- [Dataset items]:
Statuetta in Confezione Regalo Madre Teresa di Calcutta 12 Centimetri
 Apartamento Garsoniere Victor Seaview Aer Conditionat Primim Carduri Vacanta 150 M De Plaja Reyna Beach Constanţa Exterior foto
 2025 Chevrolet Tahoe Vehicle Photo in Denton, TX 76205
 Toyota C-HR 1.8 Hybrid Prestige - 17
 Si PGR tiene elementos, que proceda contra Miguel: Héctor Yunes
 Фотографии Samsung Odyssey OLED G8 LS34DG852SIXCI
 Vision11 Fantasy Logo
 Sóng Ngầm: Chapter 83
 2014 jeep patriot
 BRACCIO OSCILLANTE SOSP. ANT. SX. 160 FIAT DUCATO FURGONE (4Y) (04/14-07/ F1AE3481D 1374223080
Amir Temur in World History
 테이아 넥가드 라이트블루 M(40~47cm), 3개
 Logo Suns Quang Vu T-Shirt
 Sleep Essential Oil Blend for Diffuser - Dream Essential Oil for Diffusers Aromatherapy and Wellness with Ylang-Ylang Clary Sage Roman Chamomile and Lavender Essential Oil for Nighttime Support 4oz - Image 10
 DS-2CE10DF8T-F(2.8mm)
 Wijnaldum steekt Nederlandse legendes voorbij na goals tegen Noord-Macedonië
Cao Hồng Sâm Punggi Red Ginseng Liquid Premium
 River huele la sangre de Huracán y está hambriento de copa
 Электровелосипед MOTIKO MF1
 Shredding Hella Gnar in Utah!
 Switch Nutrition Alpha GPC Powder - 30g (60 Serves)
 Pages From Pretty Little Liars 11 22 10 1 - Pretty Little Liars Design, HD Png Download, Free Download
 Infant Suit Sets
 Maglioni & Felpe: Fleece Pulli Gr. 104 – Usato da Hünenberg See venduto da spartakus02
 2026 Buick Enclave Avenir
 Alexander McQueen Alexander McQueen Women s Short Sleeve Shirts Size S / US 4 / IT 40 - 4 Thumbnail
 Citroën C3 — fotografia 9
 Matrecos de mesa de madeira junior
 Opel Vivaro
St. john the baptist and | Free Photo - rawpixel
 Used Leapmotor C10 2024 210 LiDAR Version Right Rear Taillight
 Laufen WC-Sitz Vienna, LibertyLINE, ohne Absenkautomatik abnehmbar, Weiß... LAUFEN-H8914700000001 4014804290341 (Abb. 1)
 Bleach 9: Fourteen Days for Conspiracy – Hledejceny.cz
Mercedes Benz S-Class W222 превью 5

- [YOUR ASSIGNMENT]: Nothing is to be left out, and every entry is to be transcribed exactly.

- [EXERCISE RESPONSE]:
Statuetta in Confezione Regalo Madre Teresa di Calcutta 12 Centimetri
 Apartamento Garsoniere Victor Seaview Aer Conditionat Primim Carduri Vacanta 150 M De Plaja Reyna Beach Constanţa Exterior foto
 2025 Chevrolet Tahoe Vehicle Photo in Denton, TX 76205
 Toyota C-HR 1.8 Hybrid Prestige - 17
 Si PGR tiene elementos, que proceda contra Miguel: Héctor Yunes
 Фотографии Samsung Odyssey OLED G8 LS34DG852SIXCI
 Vision11 Fantasy Logo
 Sóng Ngầm: Chapter 83
 2014 jeep patriot
 BRACCIO OSCILLANTE SOSP. ANT. SX. 160 FIAT DUCATO FURGONE (4Y) (04/14-07/ F1AE3481D 1374223080
Amir Temur in World History
 테이아 넥가드 라이트블루 M(40~47cm), 3개
 Logo Suns Quang Vu T-Shirt
 Sleep Essential Oil Blend for Diffuser - Dream Essential Oil for Diffusers Aromatherapy and Wellness with Ylang-Ylang Clary Sage Roman Chamomile and Lavender Essential Oil for Nighttime Support 4oz - Image 10
 DS-2CE10DF8T-F(2.8mm)
 Wijnaldum steekt Nederlandse legendes voorbij na goals tegen Noord-Macedonië
Cao Hồng Sâm Punggi Red Ginseng Liquid Premium
 River huele la sangre de Huracán y está hambriento de copa
 Электровелосипед MOTIKO MF1
 Shredding Hella Gnar in Utah!
 Switch Nutrition Alpha GPC Powder - 30g (60 Serves)
 Pages From Pretty Little Liars 11 22 10 1 - Pretty Little Liars Design, HD Png Download, Free Download
 Infant Suit Sets
 Maglioni & Felpe: Fleece Pulli Gr. 104 – Usato da Hünenberg See venduto da spartakus02
 2026 Buick Enclave Avenir
 Alexander McQueen Alexander McQueen Women s Short Sleeve Shirts Size S / US 4 / IT 40 - 4 Thumbnail
 Citroën C3 — fotografia 9
 Matrecos de mesa de madeira junior
 Opel Vivaro
St. john the baptist and | Free Photo - rawpixel
 Used Leapmotor C10 2024 210 LiDAR Version Right Rear Taillight
 Laufen WC-Sitz Vienna, LibertyLINE, ohne Absenkautomatik abnehmbar, Weiß... LAUFEN-H8914700000001 4014804290341 (Abb. 1)
 Bleach 9: Fourteen Days for Conspiracy – Hledejceny.cz
Mercedes Benz S-Class W222 превью 5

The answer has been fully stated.